JP2002363130A - Method for producing carboxylic acid chloride having slight discoloration - Google Patents

Abstract

PROBLEM TO BE SOLVED: To readily produce a high-purity carboxylic acid chloride in a high yield in a slight discoloration without requiring a distillation process, which was difficult in the past.
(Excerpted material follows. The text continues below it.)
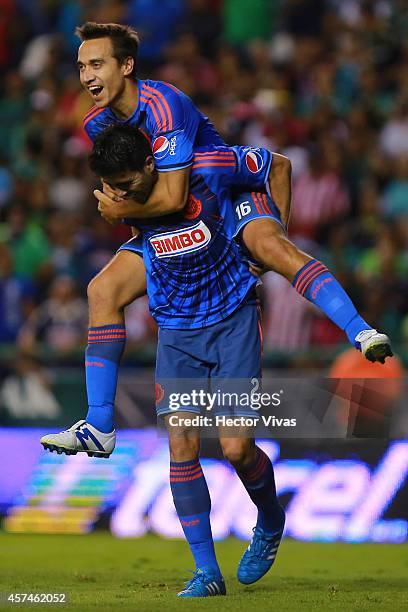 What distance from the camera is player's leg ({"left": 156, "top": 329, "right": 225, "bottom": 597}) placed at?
272 inches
SOLUTION: A carboxylic acid is reacted with phosgene in the presence of an amide compound catalyst such as an amide compound, etc., to give a reaction mixture containing a carboxylic acid chloride, which is brought into contact with chlorine.

Description

DETAILED DESCRIPTION OF THE INVENTION

[0001]

BACKGROUND OF THE INVENTION 1. Field of the Invention The present invention relates to a novel method for easily producing carboxylic acid chloride having little coloration in high yield.

[0002]

2. Description of the Related Art Carboxylic acid chloride is used as a raw material or intermediate of various compounds and is a useful substance in the chemical industry. Generally, a carboxylic acid chloride can be produced by reacting the corresponding carboxylic acid with a chlorinating agent, in which case the chlorinating agent includes, for example,
Thionyl chloride, phosphorus oxychloride, phosphorus pentachloride, phosgene and the like are used.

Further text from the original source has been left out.